De spirituele dimensie

Patricia schrijft tenslotte: “Een aanvulling op Monbiot’s mensbeeld is er in de spirituele dimensie, waar hij niet over spreekt. Juist die dimensie biedt echter mogelijkheden om het positieve mensbeeld van Monbiot werkelijkheid te doen worden. Spiritualiteit is in feite onze behoefte aan een ervaring van ´heelheid’, van één zijn, van liefde en verbondenheid. Zeker als spiritualiteit wordt opgevat als gebaseerd op directe eigen ervaring van de diepte van ons mens-zijn die ons doet wortelen in het bestaan, geeft het stabiliteit terwijl het tegelijk een grote openheid mogelijk maakt. Door die ervaring van een transcendente, onderliggende stille en lege dimensie is er direct al een gevoel van verbondenheid: het besef dat we die dimensie met alle mensen en alle andere leven en de planeet delen … Als we de dimensie die vooraf gaat aan de verhalen toelaten, ‘omarmen’ in populair jargon, zijn we aangeland bij een diepte in de mens waarnaar altijd verwezen werd door religies en filosofieën e.d., die transcendentie een plaats gaven. Het is een dimensie van vrijheid én eenheid”.

 

Hieraan heb ik niets toe te voegen [10].

 

 

Eindnoten



[2] Zie mijn Eindnoot 2 en 3 in: Commentaar op ‘Landbouw met en zonder gif’ in CM Digitaal # 89. Ook in mijn boek over Spinoza’s filosofie komen deze drie paradigma’s ter sprake: Van Eijk T. (2017). Spinoza in het licht van bewustzijnsontwikkeling. Lulu.

[3] Van Eijk, T. (2018), Bespreking van: Ken Wilber, Trump and a post-truth world. Shambala Publications, 2017. Civis Mundi Digitaal #63, augustus 2018.

[4] Van Eijk, T. (2015), Eenvoudig leven in een complexe wereld oftewel de paradox van eenheid-in-verscheidenheid. Civis Mundi digitaal # 33, oktober 2015.

[5] Van Eijk T. (2010). Civic Driven Change through Self-Empowerment. Societal Transformation and Consciousness-Based Development. Lulu 

[6] Wouter van Noort. Radicale ideeën voor het nieuwe kapitalisme. NRC, 20/21 juli 2019.
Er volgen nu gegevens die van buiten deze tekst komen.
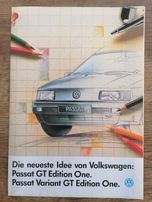 Prospekt VW Passat B3 Sedan Variant GT Edition One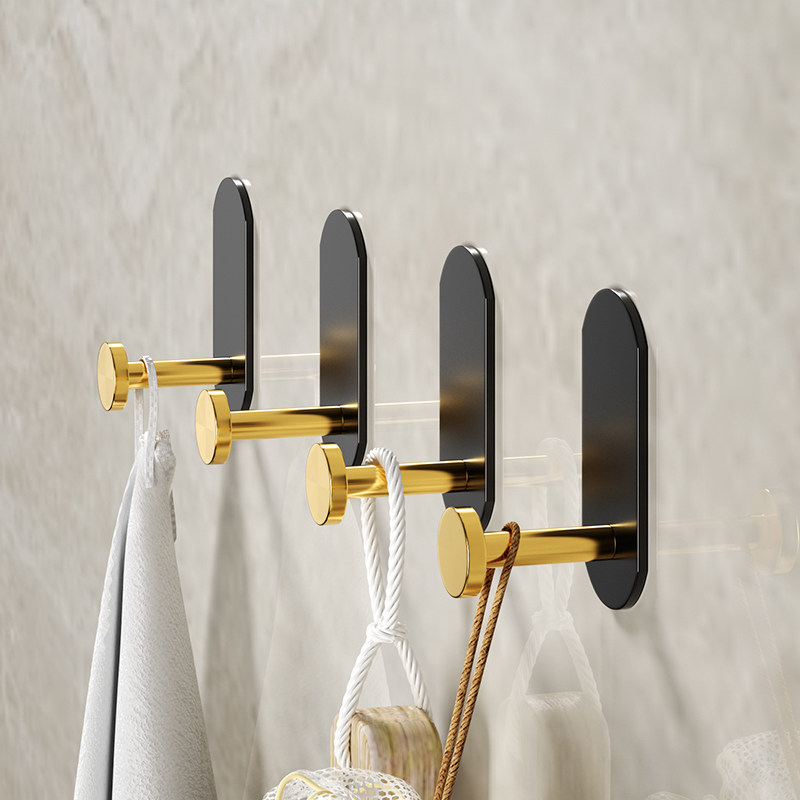 轻奢浴室挂钩打孔卫生间衣服挂衣壁挂墙壁强力挂钩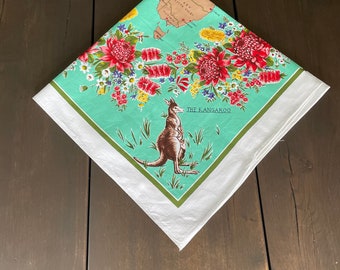 ヴィンテージ オーストラリア プリント テーブルクロス：コアラ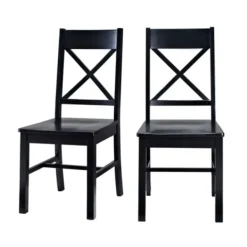 Dining Chairs-Kirkland's Home Antique Wood Dining Chairs, Set Of 2 Black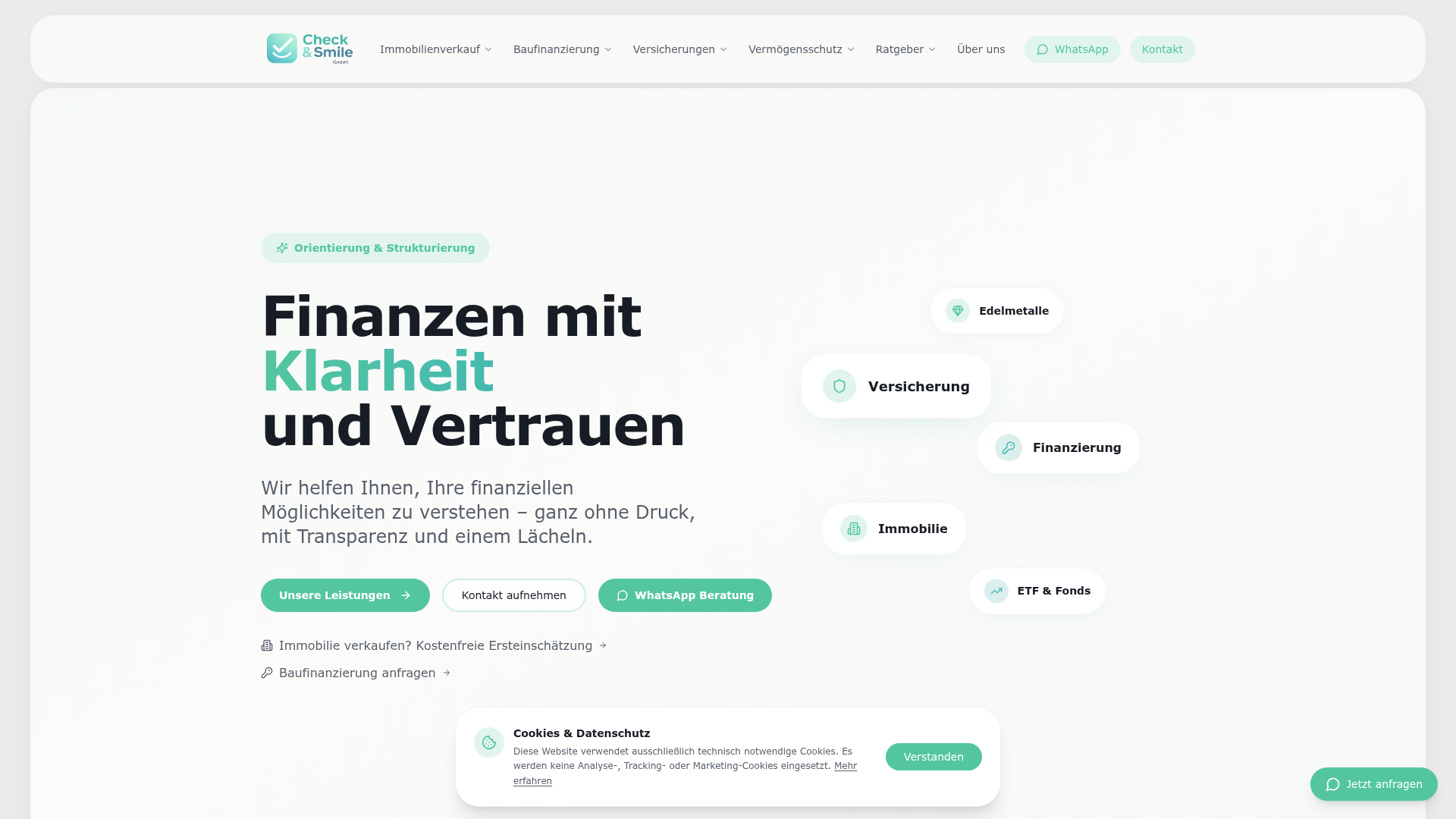 Website Check & Smile – Webdesign Referenz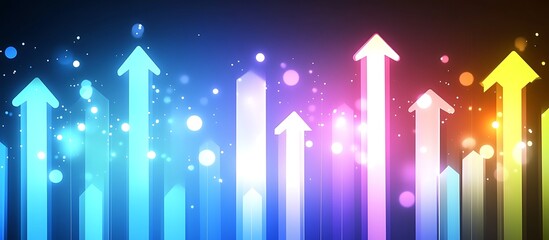 Colorful upward trend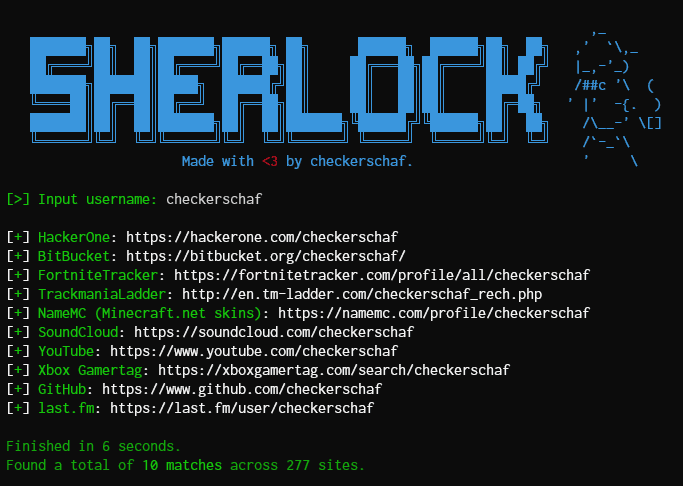 Search usernames on the Internet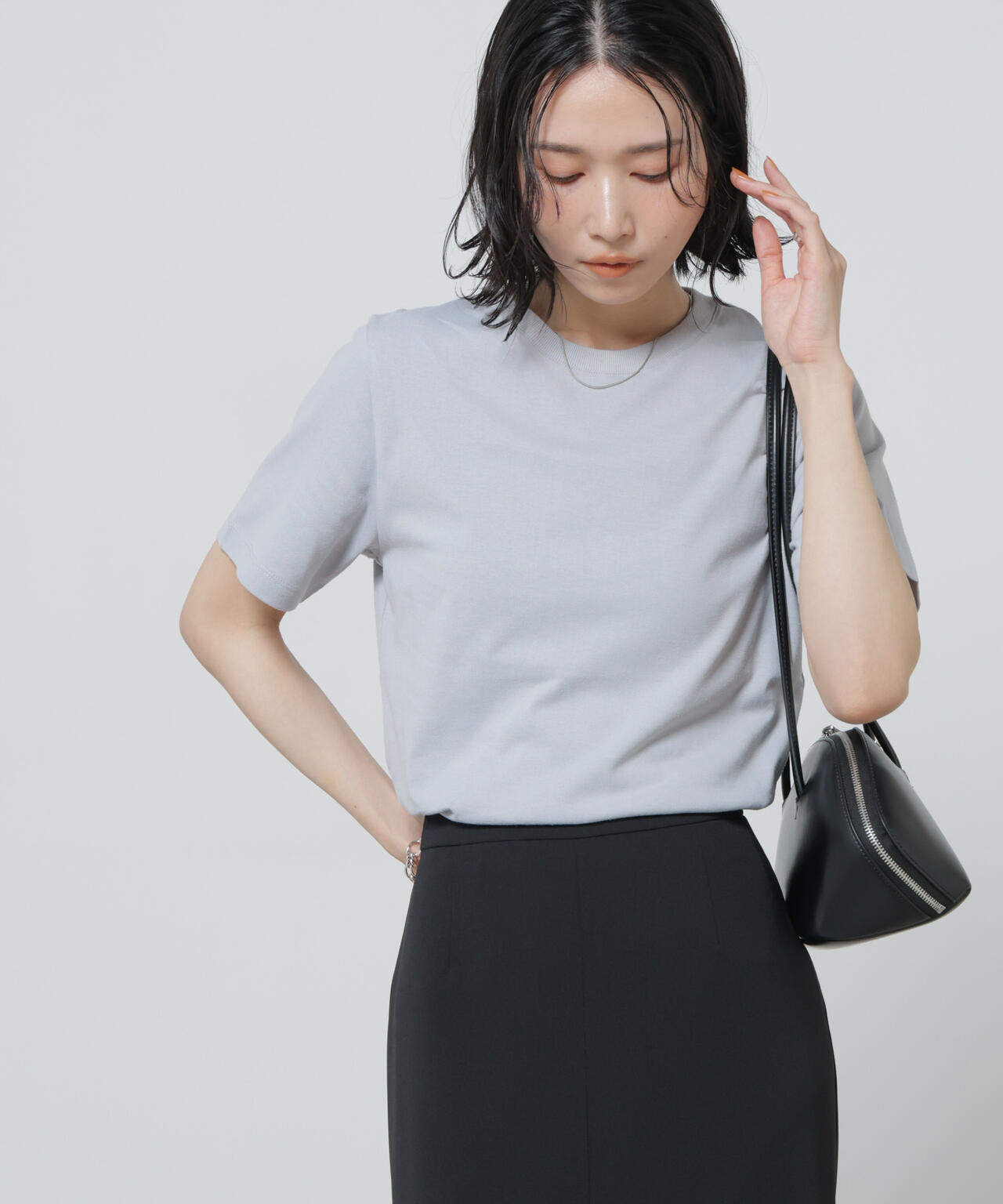 Anti Soaked(R) 汗染み防止カラフルクルーTシャツ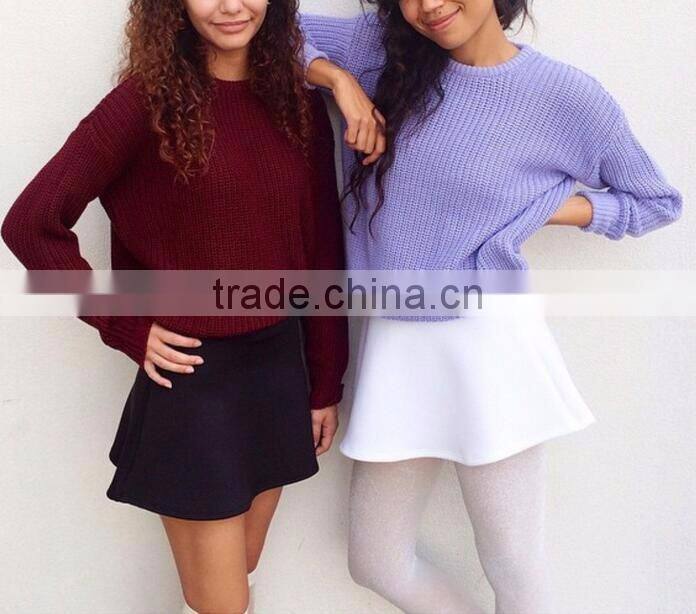 Runwaylover New Fashion 2017 Ladies Custom Knitted Pullover Sweaters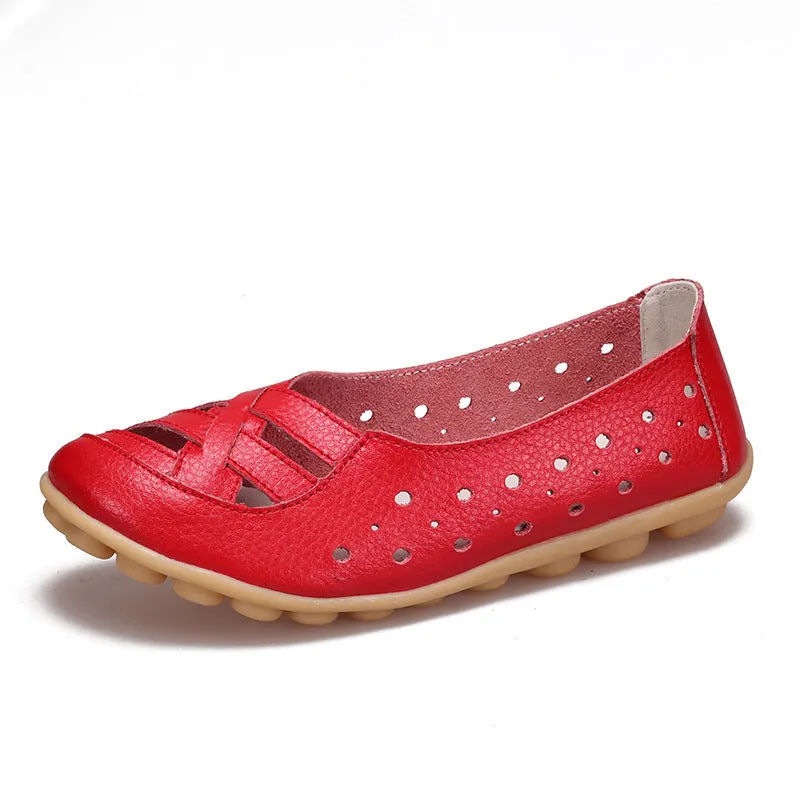 Nanccy Summer Flat-bottomed Sandals Hollow Shoes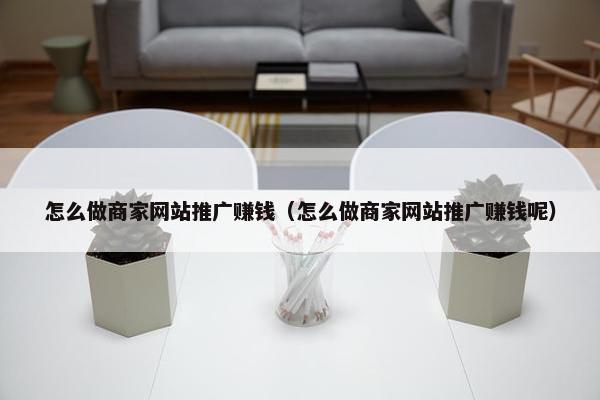 怎么做商家网站推广赚钱（怎么做商家网站推广赚钱呢）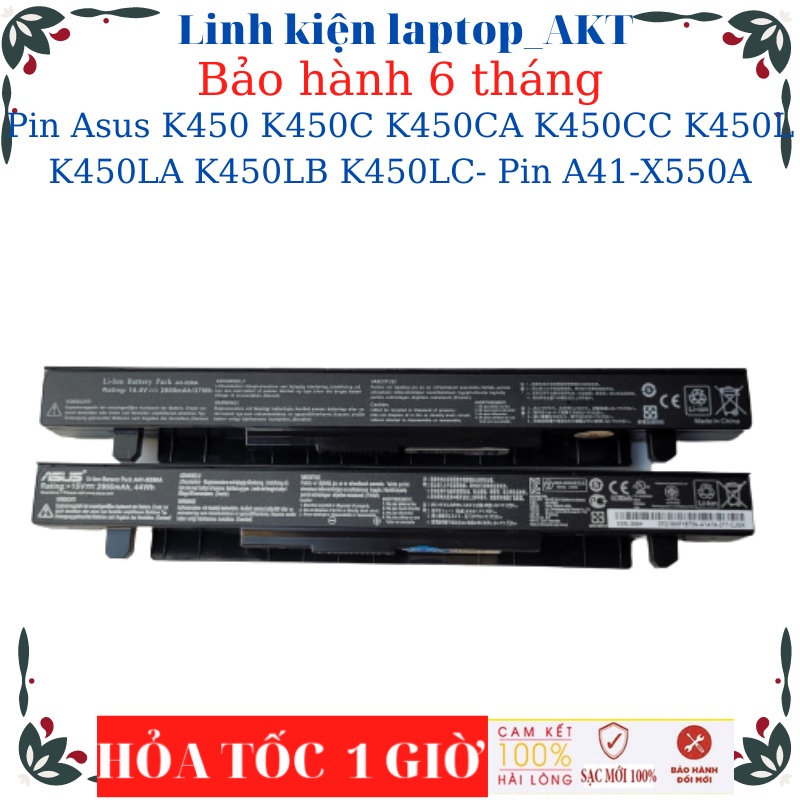 Pin laptop asus K450 K450C K450CA K450CC K450L K450LA K450LB K450LC- Pin A41-X550A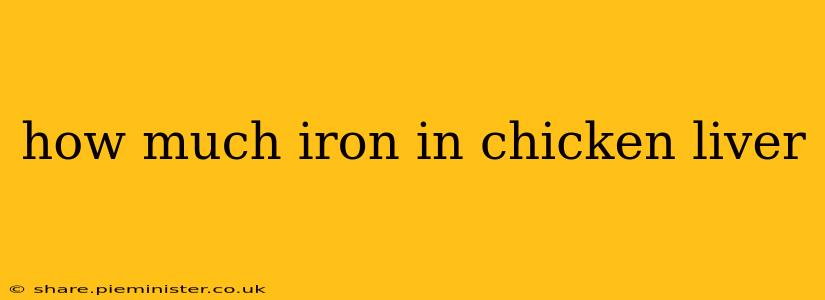 how much iron in chicken liver
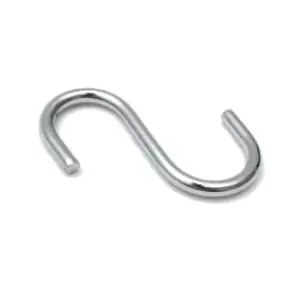 Image of GTV Steel 'S' Hooks Kitchen Hook Meat Airer Dryer Garage Tool, Pack of 1. Measur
[7] Zie de paragraaf getiteld ‘Maar individuen hebben geen macht?’ in Van Eijk (2015) in Eindnoot 4.

[8] Zie Van Eijk T. (2017) in Eindnoot 2.

[9] Zie de paragraaf getiteld ‘De illusie van het intellectuele holisme’ in Van Eijk (2015) in Eindnoot 4.

[10] Zie ook wat Otto Duintjer, emeritus hoogleraar filosofie aan de Universiteit van Amsterdam, zegt over deze spirituele dimensie, die hij omschrijft als een omvattende, alles doordringende en trans-persoonlijke diepte-dimensie (zie subhoofdstuk 1.1 in Van Eijk 2017; Eindnoot 2).